Search the records for the string "Cotton" and return each line that has it.

***** Given records *****

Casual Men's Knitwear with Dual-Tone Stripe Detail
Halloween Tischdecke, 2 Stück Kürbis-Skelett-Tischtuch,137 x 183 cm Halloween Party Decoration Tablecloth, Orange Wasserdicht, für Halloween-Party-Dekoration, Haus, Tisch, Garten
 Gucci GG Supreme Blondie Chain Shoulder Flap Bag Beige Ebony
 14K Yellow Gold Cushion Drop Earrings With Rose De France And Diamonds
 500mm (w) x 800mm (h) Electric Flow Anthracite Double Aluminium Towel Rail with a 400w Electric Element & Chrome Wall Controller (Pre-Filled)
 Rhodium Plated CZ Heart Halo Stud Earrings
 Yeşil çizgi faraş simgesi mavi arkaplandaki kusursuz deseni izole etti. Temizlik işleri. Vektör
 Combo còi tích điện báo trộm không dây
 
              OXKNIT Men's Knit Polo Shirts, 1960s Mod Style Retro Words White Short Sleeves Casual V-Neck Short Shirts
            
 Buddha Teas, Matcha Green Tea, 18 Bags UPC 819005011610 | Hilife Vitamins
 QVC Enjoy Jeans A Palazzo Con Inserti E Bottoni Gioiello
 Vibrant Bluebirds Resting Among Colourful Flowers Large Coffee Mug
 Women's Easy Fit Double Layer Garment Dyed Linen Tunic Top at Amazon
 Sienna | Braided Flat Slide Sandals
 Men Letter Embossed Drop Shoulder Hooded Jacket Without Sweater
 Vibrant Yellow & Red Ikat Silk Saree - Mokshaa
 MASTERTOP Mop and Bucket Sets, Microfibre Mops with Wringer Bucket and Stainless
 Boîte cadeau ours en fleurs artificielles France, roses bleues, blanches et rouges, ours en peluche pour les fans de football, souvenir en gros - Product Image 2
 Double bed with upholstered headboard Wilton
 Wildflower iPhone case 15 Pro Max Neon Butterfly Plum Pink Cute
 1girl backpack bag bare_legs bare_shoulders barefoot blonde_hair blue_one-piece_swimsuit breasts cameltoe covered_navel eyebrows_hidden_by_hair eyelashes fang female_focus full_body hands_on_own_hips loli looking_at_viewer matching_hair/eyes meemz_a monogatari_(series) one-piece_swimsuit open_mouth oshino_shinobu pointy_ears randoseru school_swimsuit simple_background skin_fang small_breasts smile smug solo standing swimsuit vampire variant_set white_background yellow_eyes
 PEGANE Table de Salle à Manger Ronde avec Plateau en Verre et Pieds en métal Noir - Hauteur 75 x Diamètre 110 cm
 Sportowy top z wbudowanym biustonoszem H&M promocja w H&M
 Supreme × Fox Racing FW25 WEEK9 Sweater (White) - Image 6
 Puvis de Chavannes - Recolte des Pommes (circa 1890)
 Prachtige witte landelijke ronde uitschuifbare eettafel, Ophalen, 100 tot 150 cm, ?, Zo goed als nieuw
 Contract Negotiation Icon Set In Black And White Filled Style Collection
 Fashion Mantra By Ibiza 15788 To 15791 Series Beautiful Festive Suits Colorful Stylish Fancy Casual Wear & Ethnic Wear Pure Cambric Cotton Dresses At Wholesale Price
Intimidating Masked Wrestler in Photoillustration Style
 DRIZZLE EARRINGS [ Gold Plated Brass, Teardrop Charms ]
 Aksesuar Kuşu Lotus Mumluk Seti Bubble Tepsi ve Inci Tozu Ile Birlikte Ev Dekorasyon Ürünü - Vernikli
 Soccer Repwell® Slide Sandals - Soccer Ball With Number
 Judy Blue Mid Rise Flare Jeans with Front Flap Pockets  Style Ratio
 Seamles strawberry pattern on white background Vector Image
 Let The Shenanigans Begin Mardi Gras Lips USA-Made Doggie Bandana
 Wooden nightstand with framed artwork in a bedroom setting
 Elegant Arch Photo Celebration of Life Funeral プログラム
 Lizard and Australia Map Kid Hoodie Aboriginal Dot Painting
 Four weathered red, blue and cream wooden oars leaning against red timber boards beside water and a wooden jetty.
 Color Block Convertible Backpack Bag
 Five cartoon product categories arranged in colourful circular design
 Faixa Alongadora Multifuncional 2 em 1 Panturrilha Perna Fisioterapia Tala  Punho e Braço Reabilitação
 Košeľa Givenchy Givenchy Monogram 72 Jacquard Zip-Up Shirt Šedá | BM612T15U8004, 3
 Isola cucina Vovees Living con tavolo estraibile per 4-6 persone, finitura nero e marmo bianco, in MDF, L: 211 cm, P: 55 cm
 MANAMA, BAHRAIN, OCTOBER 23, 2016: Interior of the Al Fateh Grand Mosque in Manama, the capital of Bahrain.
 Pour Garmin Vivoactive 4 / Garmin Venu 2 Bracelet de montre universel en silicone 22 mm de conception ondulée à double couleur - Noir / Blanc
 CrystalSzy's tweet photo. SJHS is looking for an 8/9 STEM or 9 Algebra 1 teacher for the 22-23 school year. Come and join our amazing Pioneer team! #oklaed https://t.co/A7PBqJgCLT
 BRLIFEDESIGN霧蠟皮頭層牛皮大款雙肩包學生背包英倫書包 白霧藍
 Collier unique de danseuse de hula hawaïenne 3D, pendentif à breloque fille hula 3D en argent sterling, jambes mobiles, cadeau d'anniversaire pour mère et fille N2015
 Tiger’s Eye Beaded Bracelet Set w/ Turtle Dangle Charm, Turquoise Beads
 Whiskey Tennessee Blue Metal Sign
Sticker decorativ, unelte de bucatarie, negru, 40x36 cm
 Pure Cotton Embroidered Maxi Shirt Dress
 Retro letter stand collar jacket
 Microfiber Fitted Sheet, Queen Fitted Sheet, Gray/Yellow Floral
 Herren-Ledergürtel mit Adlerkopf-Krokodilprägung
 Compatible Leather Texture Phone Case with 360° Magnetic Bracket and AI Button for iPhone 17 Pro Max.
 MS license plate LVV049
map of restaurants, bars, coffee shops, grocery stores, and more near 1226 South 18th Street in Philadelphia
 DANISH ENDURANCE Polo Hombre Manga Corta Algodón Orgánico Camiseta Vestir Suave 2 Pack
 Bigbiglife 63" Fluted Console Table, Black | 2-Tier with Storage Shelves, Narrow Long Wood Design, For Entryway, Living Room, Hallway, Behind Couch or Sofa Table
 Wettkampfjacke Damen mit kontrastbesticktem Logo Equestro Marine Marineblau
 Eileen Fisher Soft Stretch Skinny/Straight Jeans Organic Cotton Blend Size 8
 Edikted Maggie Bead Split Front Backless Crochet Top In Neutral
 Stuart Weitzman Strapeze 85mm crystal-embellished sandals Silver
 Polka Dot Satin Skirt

*****

- [Answer for this exercise]:
 Fashion Mantra By Ibiza 15788 To 15791 Series Beautiful Festive Suits Colorful Stylish Fancy Casual Wear & Ethnic Wear Pure Cambric Cotton Dresses At Wholesale Price
 Pure Cotton Embroidered Maxi Shirt Dress
 Eileen Fisher Soft Stretch Skinny/Straight Jeans Organic Cotton Blend Size 8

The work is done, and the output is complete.